In Pepfar, a five-year, $15 billion program, the government aims to avert seven million new cases of HIV, the AIDS-causing virus, outside the U.S. by the year 2010. The program endorses the "ABC model," which stands for "Abstain, Be faithful or use Condoms." The legislation behind the program suggests that 20% of the program's funding be applied to prevention, with other funds going to treatment and care programs.

The report found that U.S. officials in 17 of 20 countries studied said that the abstinence-spending requirement "would prevent them from allocating prevention resources in accordance with local HIV/AIDS prevention needs."

The requirement also has led to reduced funding for other AIDS-prevention programs, including those aimed at reducing mother-to-child transmission of the virus, the report found. A team in one country reported that the spending requirement forced it to cut funds from a program to care for AIDS patients to address a local condom shortage.

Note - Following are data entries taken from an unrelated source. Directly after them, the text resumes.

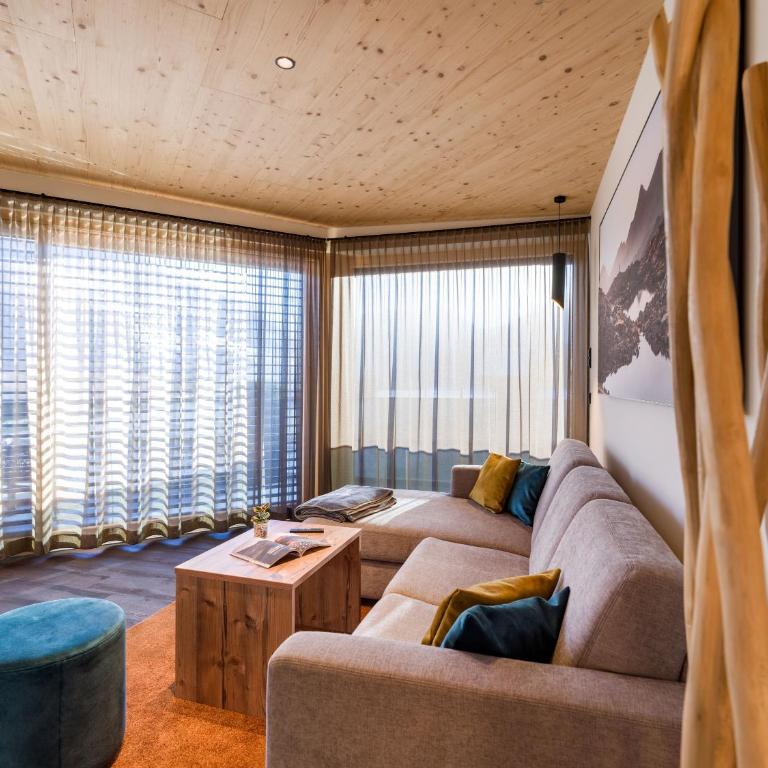 Villa Himmlgassl Private Spa - Apartment mit 2 Schlafzimmern - 21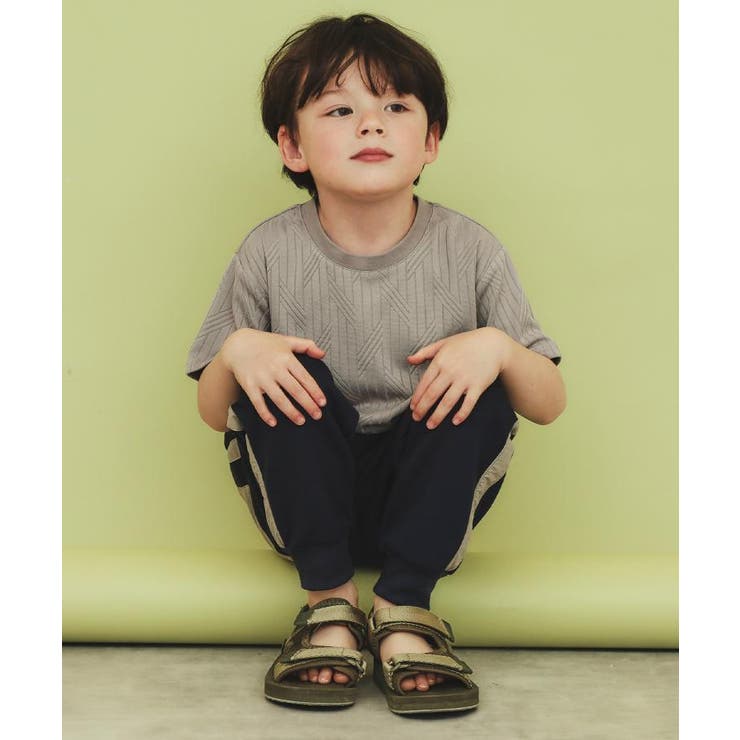 【110－150】リンクス半袖Tシャツ/パパとおそろい・洗濯機OK | THE SHOP TK | 詳細画像2 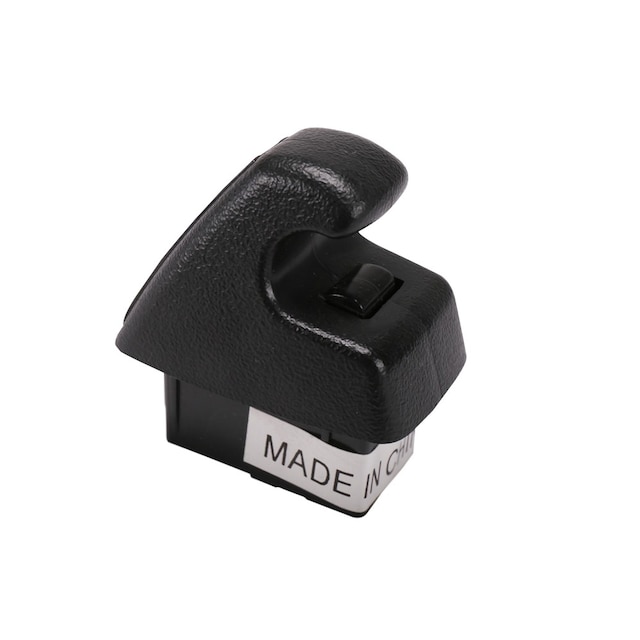 GM Genuine Parts Jet Black Sunshade Support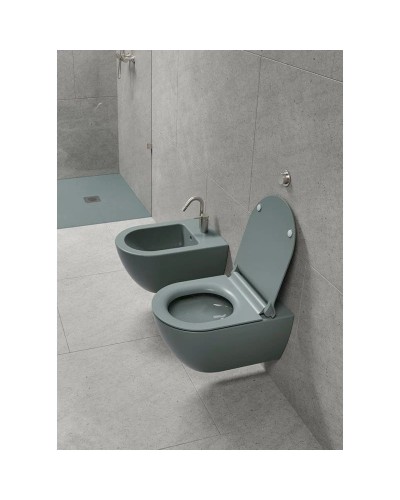 Подвесное биде GSI Pura 8865104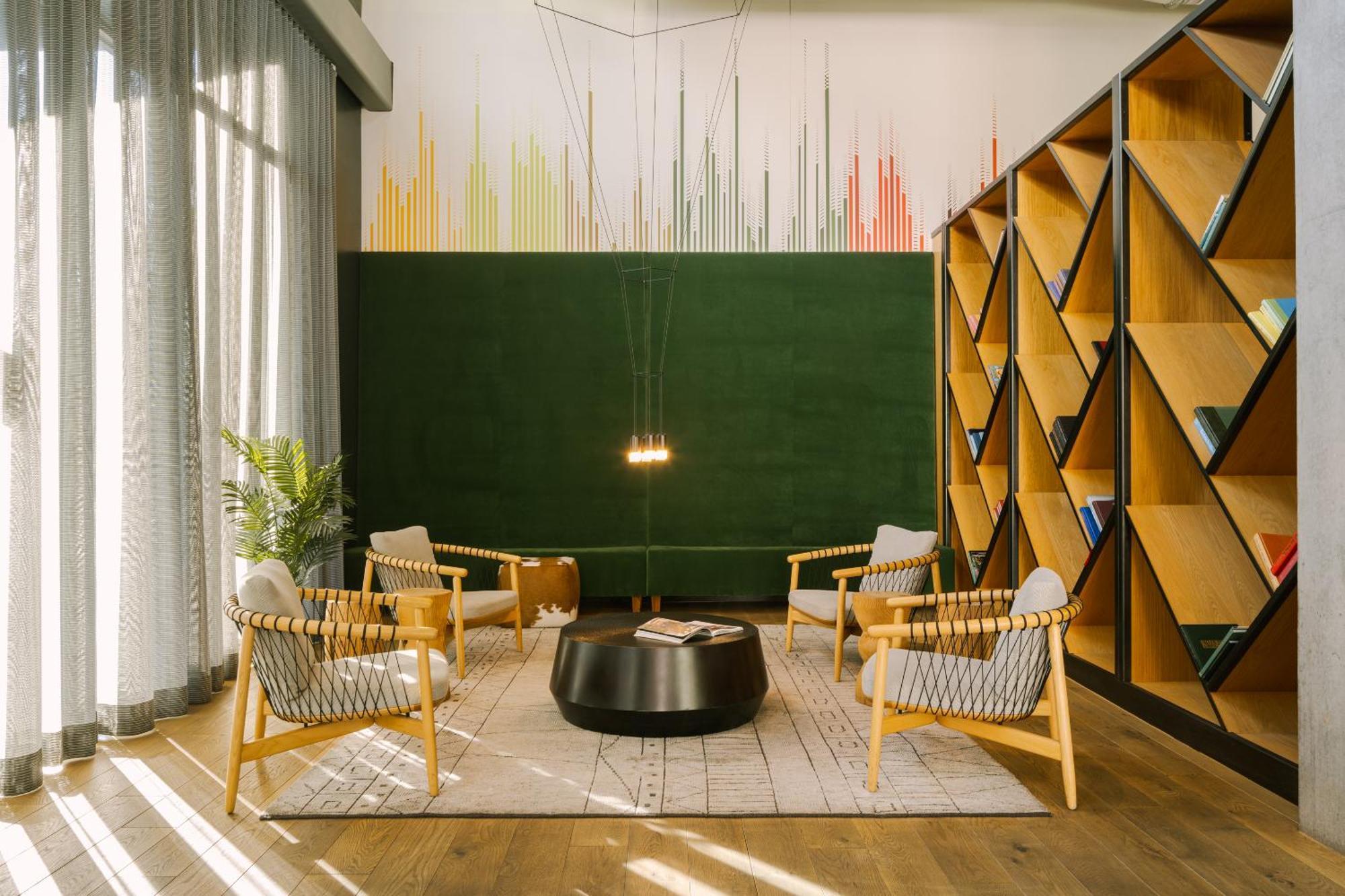 Aparthotel Sonder At Mill Ave Tempe Zewnętrze zdjęcie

The report also found confusion in many countries over the "ABC model," including which condom-promoting activities were permitted.

In an attached response to the GAO report, government officials who oversee Mr. Bush's AIDS program said it was on track to achieve its prevention goal and noted that funding for all prevention methods had increased from previous federal initiatives. The response also said program officials were committed to improving communication to the field.